On crut d’abord pouvoir placer les caractères distinctifs du sucre végétal dans la saveur même si aisée à reconnaître qui le distingue des autres substances usitées dans l’alimentation des hommes ; mais les progrès de la chimie firent bientôt abandonner ce moyen de vérification. En effet, on avait retrouvé la saveur sucrée dans plusieurs composés minéraux absolument dépourvus de qualités nutritives, ou même présentant des propriétés toxiques. De ce nombre étaient plusieurs sels de glucine, cette base découverte par Vauquelin dans l’émeraude et plusieurs autres pierres précieuses, et qui emprunte son nom au mot grec glykos (doux), — l’acétate de plomb, sel vénéneux appelé sucre de Saturne par les anciens chimistes, etc. On crut alors prendre pour un signe distinctif plus sur une propriété remarquable des substances ou principes immédiats sucrés et alimentaires extraits des végétaux ou du miel.
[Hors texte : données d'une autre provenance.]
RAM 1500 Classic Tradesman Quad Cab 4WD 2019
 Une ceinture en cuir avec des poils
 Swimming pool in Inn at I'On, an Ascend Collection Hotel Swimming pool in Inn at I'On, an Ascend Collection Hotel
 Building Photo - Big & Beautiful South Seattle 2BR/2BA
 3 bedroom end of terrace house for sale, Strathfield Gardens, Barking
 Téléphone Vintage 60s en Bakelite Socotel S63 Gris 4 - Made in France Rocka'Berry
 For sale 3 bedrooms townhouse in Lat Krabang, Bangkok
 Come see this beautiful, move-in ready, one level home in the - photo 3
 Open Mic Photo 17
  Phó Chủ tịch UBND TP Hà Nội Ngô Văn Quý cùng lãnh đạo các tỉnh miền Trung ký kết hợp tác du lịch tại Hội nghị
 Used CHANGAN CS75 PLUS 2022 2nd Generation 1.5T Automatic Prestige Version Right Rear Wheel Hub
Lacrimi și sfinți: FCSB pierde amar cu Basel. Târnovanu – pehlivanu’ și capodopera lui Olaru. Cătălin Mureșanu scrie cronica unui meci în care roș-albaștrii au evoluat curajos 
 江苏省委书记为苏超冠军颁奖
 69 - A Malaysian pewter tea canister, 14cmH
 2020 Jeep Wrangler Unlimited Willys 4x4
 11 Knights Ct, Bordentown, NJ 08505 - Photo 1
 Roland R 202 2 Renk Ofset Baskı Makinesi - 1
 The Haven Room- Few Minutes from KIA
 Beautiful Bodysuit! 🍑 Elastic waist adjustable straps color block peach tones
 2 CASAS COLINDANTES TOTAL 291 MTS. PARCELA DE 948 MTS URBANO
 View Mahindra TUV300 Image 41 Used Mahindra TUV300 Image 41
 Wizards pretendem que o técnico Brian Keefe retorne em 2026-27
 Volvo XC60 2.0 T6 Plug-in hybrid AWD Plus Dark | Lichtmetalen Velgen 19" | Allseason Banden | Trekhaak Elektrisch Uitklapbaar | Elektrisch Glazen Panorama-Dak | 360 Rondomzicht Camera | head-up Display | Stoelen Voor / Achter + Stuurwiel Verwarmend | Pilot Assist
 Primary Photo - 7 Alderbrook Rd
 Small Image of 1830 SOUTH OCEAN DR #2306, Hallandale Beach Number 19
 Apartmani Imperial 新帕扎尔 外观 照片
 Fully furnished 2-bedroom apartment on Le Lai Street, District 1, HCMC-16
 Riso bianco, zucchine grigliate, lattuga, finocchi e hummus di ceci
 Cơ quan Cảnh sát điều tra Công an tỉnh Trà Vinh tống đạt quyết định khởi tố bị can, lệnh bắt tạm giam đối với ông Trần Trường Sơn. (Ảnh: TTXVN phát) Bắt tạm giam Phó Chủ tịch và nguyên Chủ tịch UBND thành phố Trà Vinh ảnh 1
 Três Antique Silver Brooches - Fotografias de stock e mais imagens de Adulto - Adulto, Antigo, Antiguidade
Parmi ces divers sucres comestibles, — sucre de canne, sucre de betterave, sucre tiré de diverses racines, de toutes les plantes de la famille des graminées, blés[1], orges, seigles, maïs, etc., sucre obtenu de

  1. Chacun peut aisément reconnaître la présence du sucre dans une tige de froment : que l’on saisisse par exemple l’extrémité supérieure de cette tige près et au-dessous de l’épi, et qu’on la tire graduellement comme si on voulait arracher la plante ; lorsque les épis sont en fleurs, on parviendra sans peine à faire détacher au-dessus d’un nœud une portion de tige sortant aussitôt de la feuille engainante ; la portion tendre et gorgée de jus qui adhérait au nœud, mise et broyée dans la bouche, y produira une saveur très sucrée.